What is Mindfulness?

Posted by Fiona Gavine on the 15th December 2017

Have you heard about mindfulness? If you have, do you wonder what it actually is? And, if you have not heard of it, would you like to know more about it? If yes, then read on!

Busy lifestyles, over-full minds

Life is pretty demanding these days. We have busy jobs and busy social lives. We work hard and we play hard. The advances in social media, the internet and communication technology give us access to information 24 hours, seven days a week. The more technology advances the more we feel under pressure to do more things in less time. We do a lot of multi-tasking and our heads are spinning. They are spinning so much that we lay awake at night with anxiety or obsessive thoughts that simply do not want to stop. Our minds are full and it shows. Rather than being focused when we need to be focused, we are distracted. Our emotions get the better of us in the most inconvenient moments. In some cases we feel everything is getting out of control – we are out of control. This is the opposite of being mindful.

So what is mindfulness?

Mindfulness is an ancient practice to enhance mental health and wellbeing. It is a means to help you to rest in the present moment and become aware of what is. Quite simply it is an invitation to come out of a mode of doing into a mode of being for a while.

The two aspects of mindfulness

The first aspect is that of focusing awareness to what IS in the HERE and NOW. This can range from observing the environment we are in, to our body and its sensations, our thoughts, behaviours and feelings.
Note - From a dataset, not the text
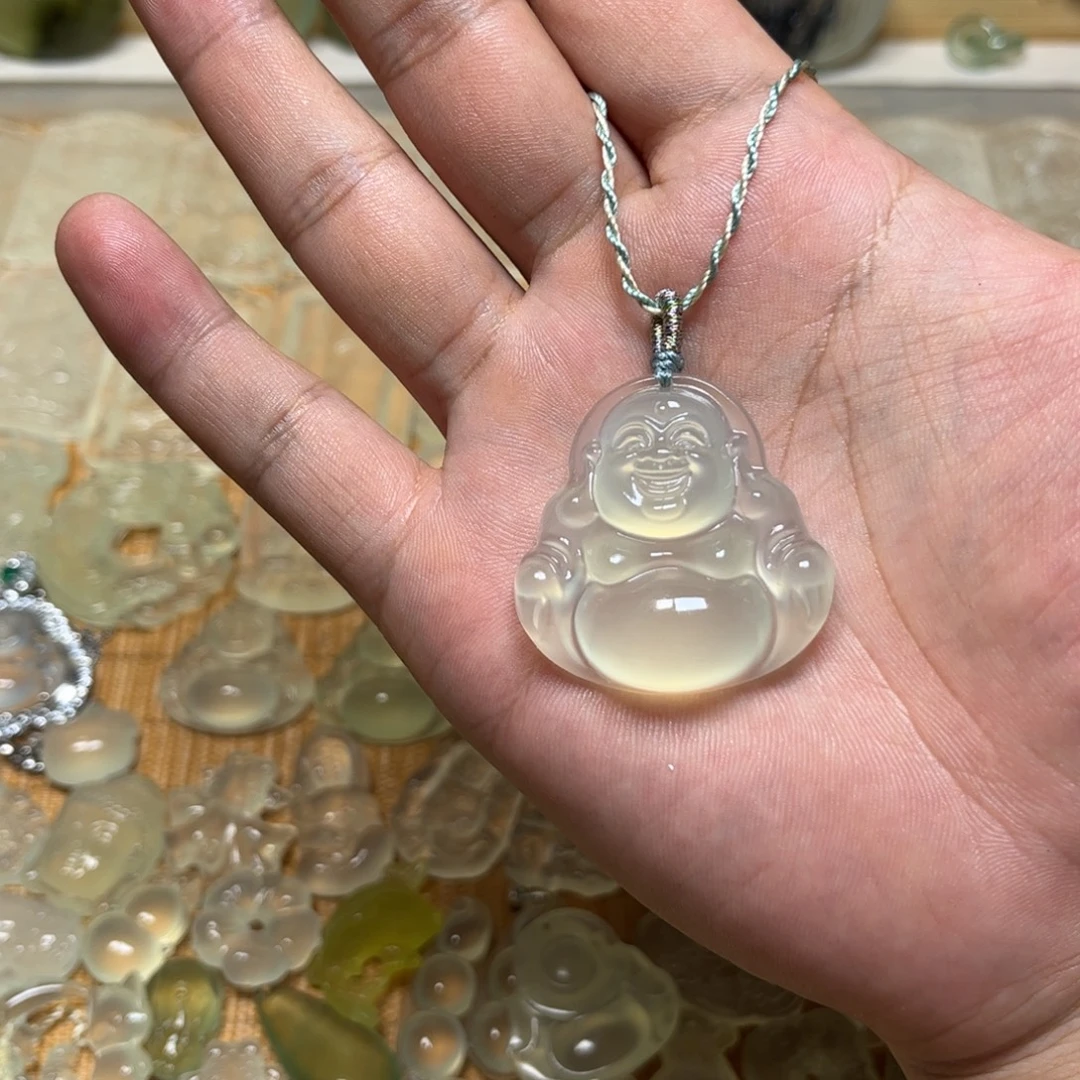 我***兔岫玉未镶嵌颈饰吊坠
The second aspect is that of adopting a particular attitude toward our experiences in the present moment. This attitude is characterised by curiosity, openness, and acceptance as well as compassion.

Sounds simple, doesn’t it? 

Yes it is simple, but it is far from easy to actually do. Try it and see how long you manage to stay really present without your mind shooting off in all kinds of directions. Our minds are habitually fixed on the future or the past. Being present in the moment is something we rarely do. And yet, the moment is the only true time we really ever have. It is the only place where we can affect what will happen next. We do this all the time of course simply by living our lives, but we do not do it with awareness. We are getting carried along by our habits, routines, fears and expectations. This is one of the reasons why we are getting the feelings of being overwhelmed, not being in control and feeling life somehow slips by day after day, year after year.

Becoming more conscious

If you find that this is not how you want to be anymore, you need to break through the force of your routines, fears and habits. The best way to do it is by learning to stay present through mindfulness. When you practice mindfulness, it will give you an opportunity to wake up out of your habitual behaviours and your routines. It allows you to become more conscious about what choices you are making and why. It gives you the space to examine what is happening at every moment in your life.  When we are mindful we have a chance to understand more fully what is driving us and then make decisions about our next steps with awareness. This  is hugely empowering and liberating. Because of this mindfulness has been shown in research to be particularly helpful with any form of obsessive thinking or behaviour, and for people who suffer from stress, anxiety or excessive worrying. It has been used successfully with depression, chronic pain issues, and addiction.

Are you intrigued yet?

Here is another good reason why you might want to start learning about mindfulness.

Through mindfulness you learn how to just be and rest in the moment. It gives you room and inner space. It frees you up to notice what went unnoticed. It brings you back to yourself and the only point in time where anything ever happens: HERE and NOW! Because of this, it is a powerful tool for healing, transformation and growth.